ECF No. 140 at 5:20-25.
Tr. Ex. 12.
ECF No. 149 at 6.
Tr. Ex. 31.
Yet the representation that Elavon would provide the tools ATMMS needed to integrate MCC into Converge by October 2015 was false, and Elavon knew it. Przybylek testified that Elavon never intended to achieve the solution ATMMS sought by the liability-shift date. Also, the evidence shows that Elavon likely lacked a sufficient basis to continuously tout its EMV technology for Converge-reliant customers, as it did not even begin its beta program for Commerce SDK until well into 2015. So the first and second elements of the fraud and negligent-misrepresentation claims are satisfied.
2. ATMMS justifiably relied on Elavon's misrepresentations to its detriment.
ATMMS also met the last two elements of its fraud claim (justifiable reliance and harm). The justifiable-reliance requirement “does not impose a duty to investigate absent any facts to alert the defrauded party his reliance is unreasonable.” Rather, a “party has a right to rely on an express statement of existing fact, the truth of which is known to the party making the representation and unknown to the other party.” However, a person may not rely on a representation if he “has information [that] would serve as a danger signal and a red light to any normal person of his intelligence and experience.”
Collins v. Burns, 741 P.2d 819, 821 (Nev. 1987).
Id.
Id.
Applying these principles, ATMMS's reliance on Elavon's representations about its EMV technology was justified. Poggi credibly testified that ATMMS would have hired a different processor or developed its own software if he knew that Elavon would not deliver on its assertions. That testimony comports with emails from Poggi during the relevant time period that ATMMS depended on an Elavon solution for EMV compliance. The parties had a good working relationship and together already integrated MCC to Elavon's system once before.

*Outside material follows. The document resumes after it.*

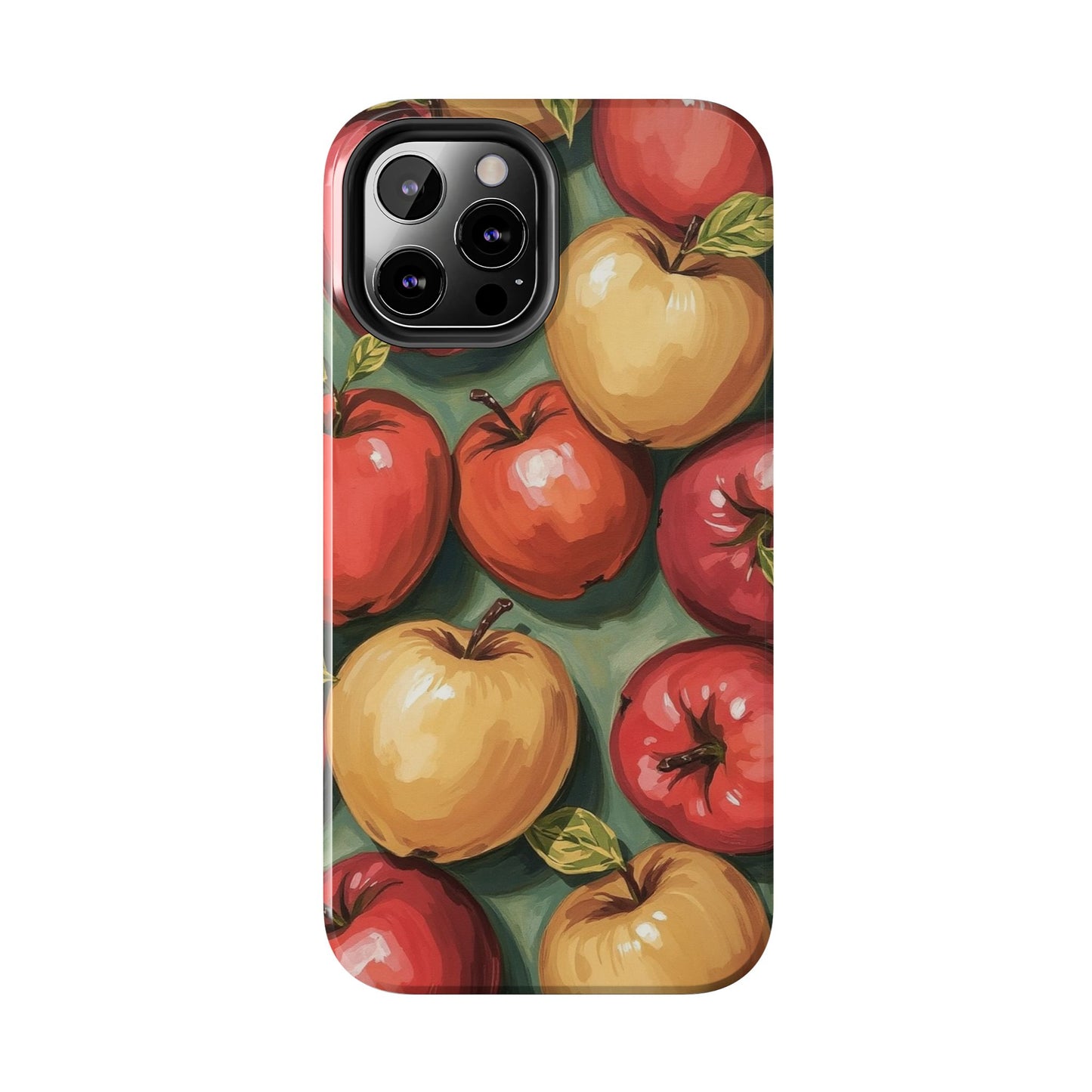 Colorful Painted Apples Art Tough Phone Case - Durable & Stylish Protection - for iPhone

Elavon understood the importance of EMV compliance to the industry and ATMMS specifically, and I find that it never told ATMMS that Commerce SDK would not be a viable option by the liability-shift date. By contrast, a long parade of emails touted Elavon's EMV readiness and made no distinctions by types of customers. So I find that ATMMS was entitled to put faith in Elavon's representations.

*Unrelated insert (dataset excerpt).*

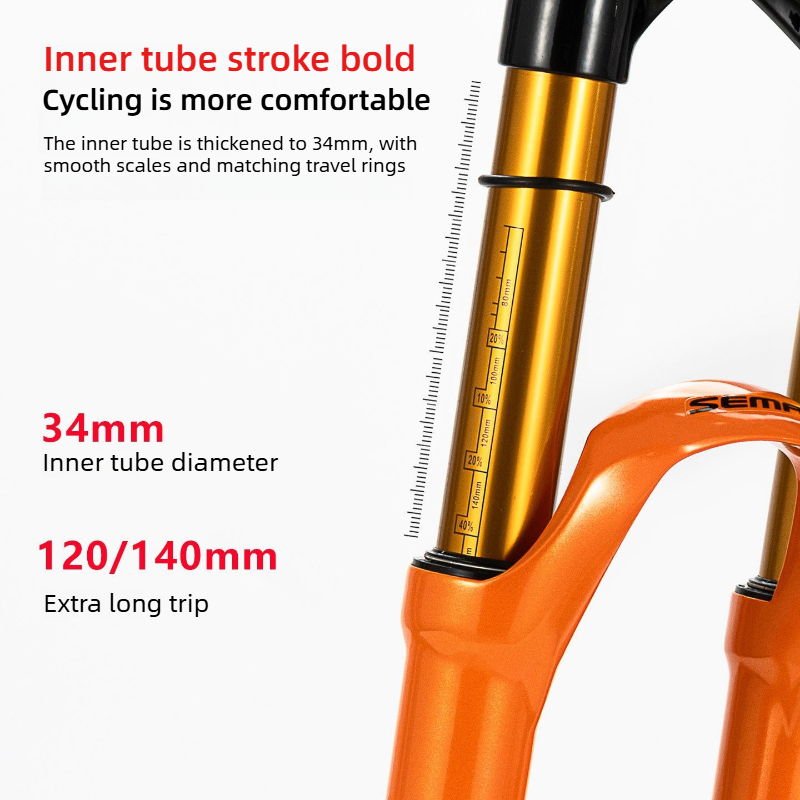 Suspensão a Ar SEMYT 140mm par - Mountain Biking Jumps avaliação e preço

ECF No. 140 at 197:22-25, 200:18-21, 203:17.
Tr. Ex. 98.
ECF No. 137 at 229:16-230:6.
ECF No. 140 at 146:2-147:8.
ECF No. 136 at 95:19-99:3.
ECF No. 140 at 6:23-7:1, 8:4-8.
See, e.g., Tr. Ex. 3; Tr. Ex. 4; Tr. Ex. 5.
That faith caused ATMMS harm. Carter's testimony revealed that casino customers fled ATMMS once they found out that it would not be EMV compliant. Common sense supports that notion-why wouldn't a large business switch to an ATM services provider that provided technology that helped shield it from chargeback liability? Elavon's business records also show a decline in ATMMS's processing volume and the residuals it received around the liability-shift date. That fact supports the inference that ATMMS's harm was caused by its failure to be EMV compliant for customers like ATMMS by the liability-shift date. So ATMMS established the reliance and harm elements of their fraud and negligent-misrepresentation claims.
ECF No. 136 at 39:18, 20, 40:15-16.
Tr. Ex. 280.
Of course, harm must not be conflated with amount of compensatory damages. While ATMMS has proven harm, it has not tied that harm to a reasonably accurate dollar amount. See infra at pp. 44-48.
Elavon's contentions to the contrary lack merit. It first tries to shift the blame onto ATMMS because it pursued Converge rather than shift to a direct-integration approach. But ATMMS had no obligation to take an alternative path in the face of representations that ATMMS would have an EMV-compliant Converge product ready by the liability-shift date. Plus, shifting gears would have required ATMMS to expend additional resources and comply with additional requirements, and it's unclear to the court whether direct integration would even support MCC.
ECF No. 149 at 33.
Elavon next argues that any reliance on moving target dates was unreasonable. True enough, an ordinary person would not rely on explicitly tentative dates. But the misrepresentations on which I find that ATMMS reasonably relied are not each and every provisional goal before the liability-shift date but rather the totality of the messages that implied that Elavon would provide an EMV solution by that date. Those representations were false, as Elavon knew it wouldn't deliver by October 2015 and put compliance for ATMMS on the backburner for several years in favor of a focus on products for Canada.
Id. at 34.
Przybylek Dep. at 36:20-37:12.
3. Because the evidence shows that Elavon acted negligently but not intentionally, ATMMS is entitled to judgment in its favor on its negligent-misrepresentation claim but not its fraud claim.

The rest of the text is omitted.